It is the fantasy version that. Regardless, it is something the character can decide to do, it is not a meta decision.
Yes. In a way that
actively conflicts with and denies reality. That's the whole point. It absolutely IS a meta-decision, specifically for that reason.
I mean to me it is rather obvious that manoeuvres are things the character knowingly decides to use. Like they could in-character say "I'll disarm the guard" etc. Granted, it having a limited resource is a bit weird and gamey, but at least it is not a weird than in 4e, where you for some inexplicable reason could do each stunt only once. But personally I would still design this a bit differently.
And see, this is exactly where I see a straight-up hypocritical contradiction.
There is no difference between these two things. Yet you claim that one is fine, if a little weird, while the other is absolutely, totally verboten.
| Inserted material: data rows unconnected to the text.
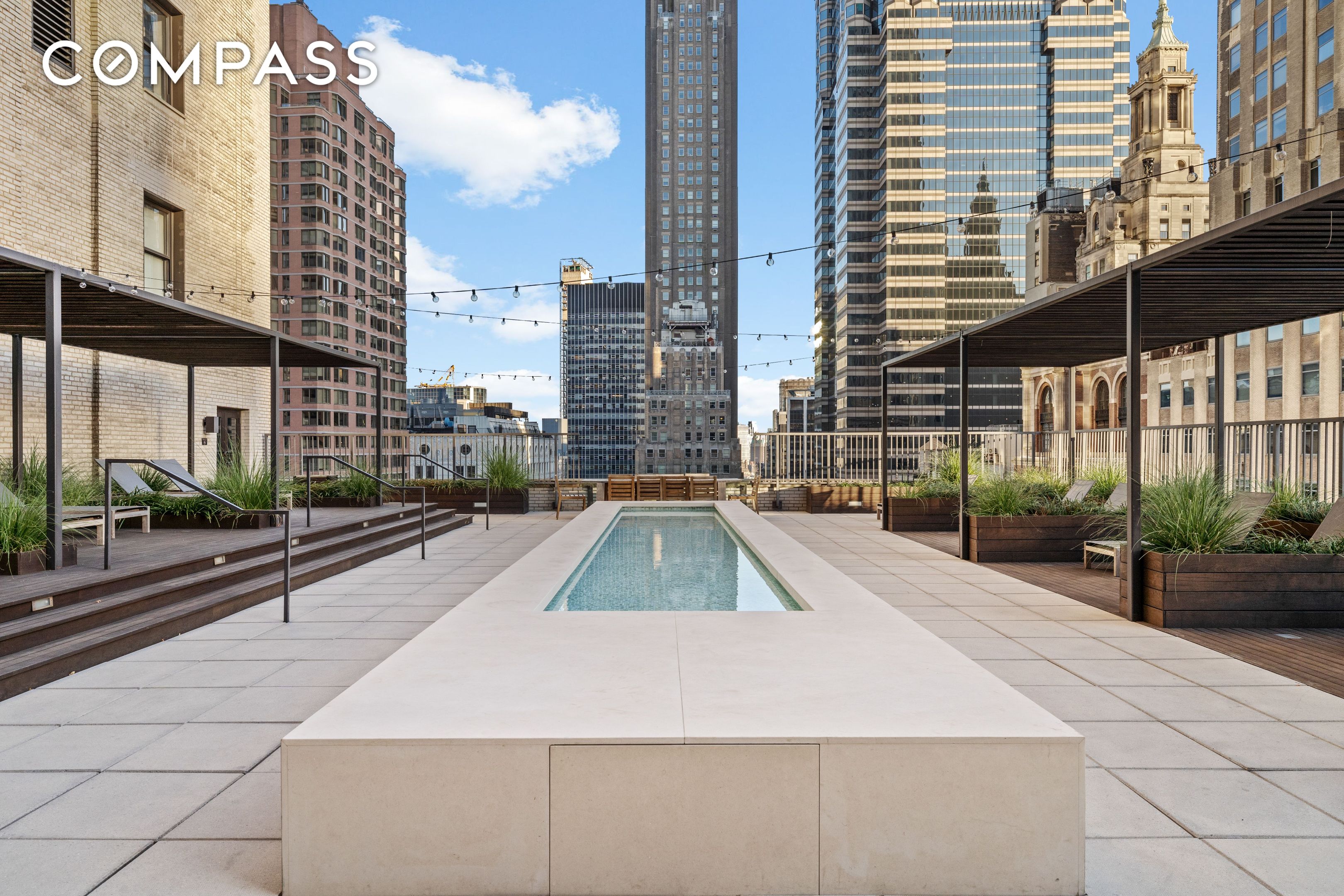 #15 photo, 20 Pine Street, マンハッタン Financial District , NY 10005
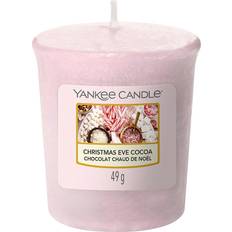 Yankee Candle Christmas Eve Cocoa Duftlys 49g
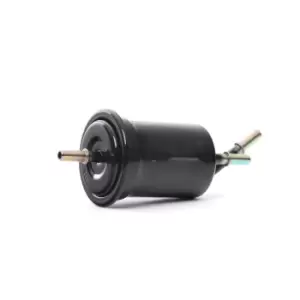 Image of RIDEX Fuel Filter 9F0357 HYUNDAI,KIA,SUZUKI,ix35 (LM, EL, ELH),RIO II (JB),VENGA (YN),RIO Kombi (DC),RIO II Stufenheck (JB),RIO Stufenheck (DC_)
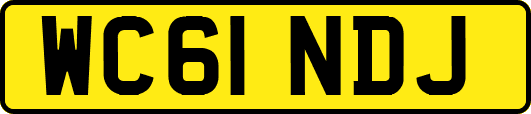 WC61NDJ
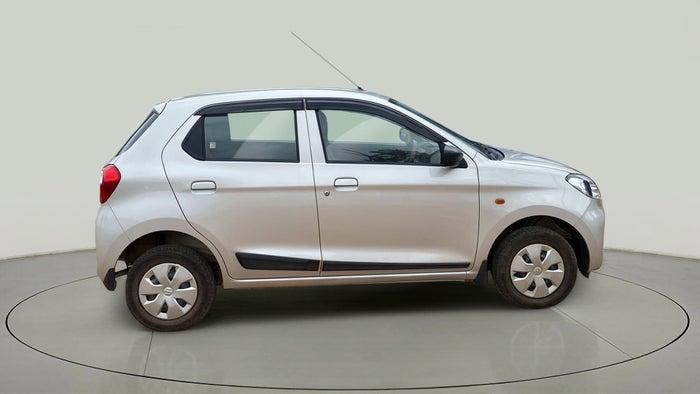 2023 Maruti Alto K10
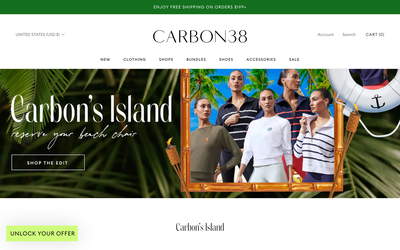 Carbon38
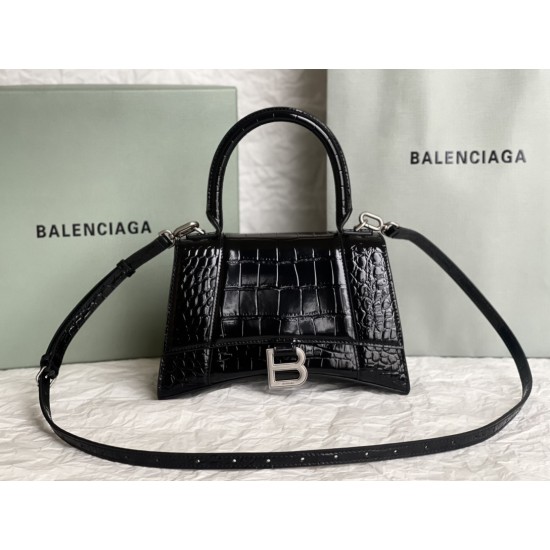Balenciaga Hourglass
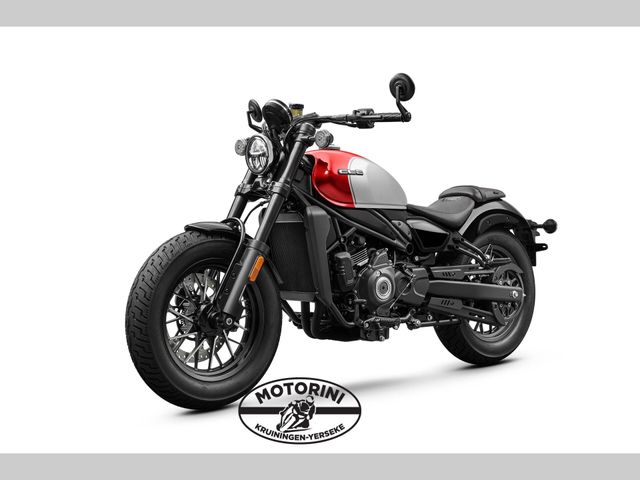 cfmoto - 450-clc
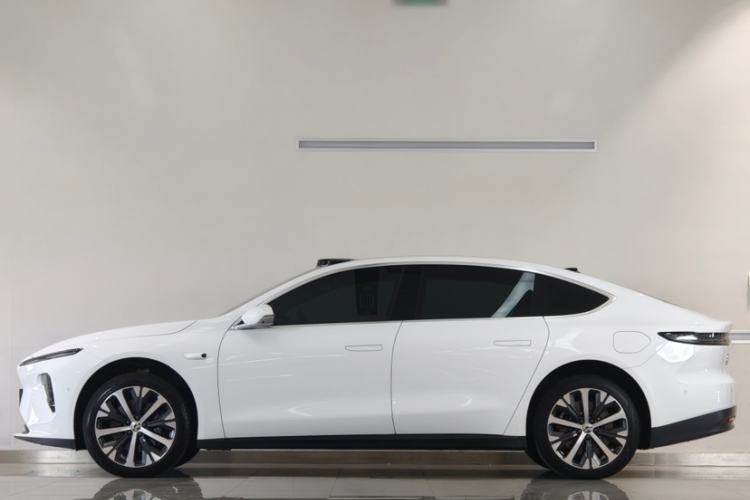 Used Nio ET7 2022 100kWh First Edition Exterior 5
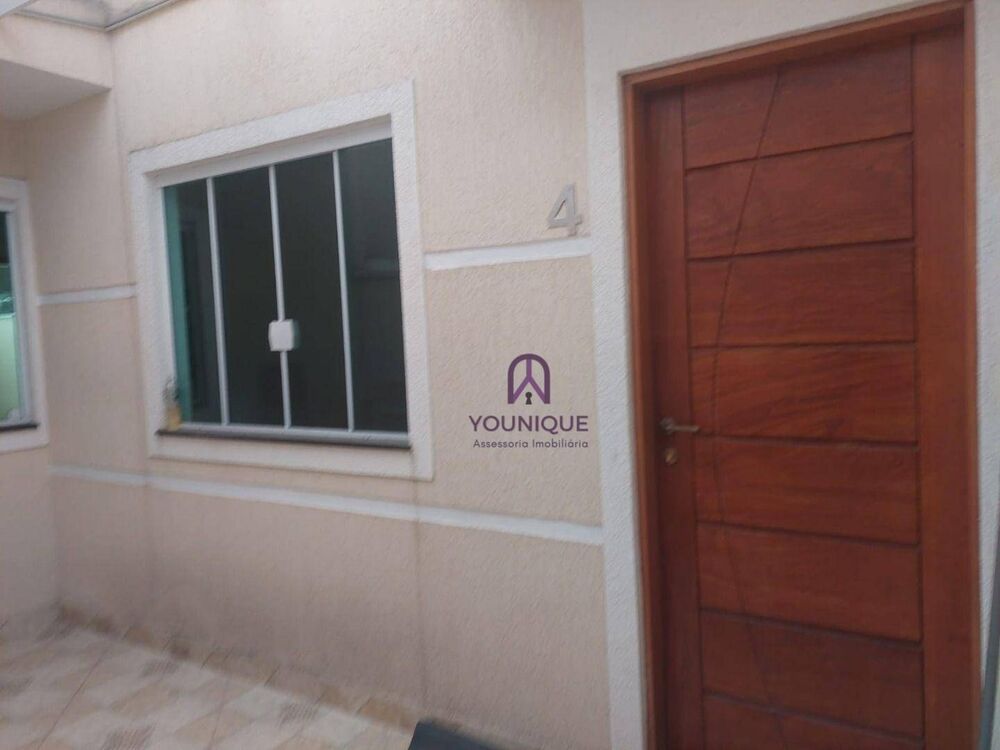 Casa, 3 quartos, 69 m² - Foto 1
Doing something four times between ~two combats vs doing it once between each combat
is not that different. Yet somehow you think they are WORLDS apart, even though--other than happening somewhere between "twice as often" and "about as often"--
they are exactly the same.
Unless and until you can articulate a real difference between these things, your position is in no way a commentary on the nature of the abilities. It's a complaint about which edition published them.
No. Sure, magic is easier to justify, as even in-universe it can work however you want. But it was you, not me, who tried to insist that several non-magical features were meta even though you don't need to interpret them that way.
You didn't need to interpret them that way in 4e either. Yet you chose to then.
That's the point.
"No, it isn't!"
We can play the "I just reject what you say" game forever, but I consider it pretty pointless to do so. I articulated why. If you're actually going to
respond, as in, taking the argument seriously and addressing
why it's wrong, then I'm all ears. Until then? I'm going to take such meaningless responses as evidence you don't actually have an argument.
Then, to be frank, you're just bad at immersion. You absolutely can feel the character's feelings. Granted, it probably is more shallow than if you literally were there,
That is precisely why you can't feel them!
You can feel an image of them. You can model an approximation of them. But you cannot feel
those exact same feelings. They are, always and inherently, at an arm's length from you. It would be a mental illness to ACTUALLY feel those feelings 100% as if they were really happening to you, because that would mean you couldn't actually distinguish imagination from reality.
but with good "method acting" and a GM who is good at making the world feel real you can get close.
"Get really close" = "actually there." That's...kind of the point. This isn't a mathematical limit. There is always, always a gap, so long as you aren't mistaking imagination for reality. And God, I certainly hope you aren't doing that.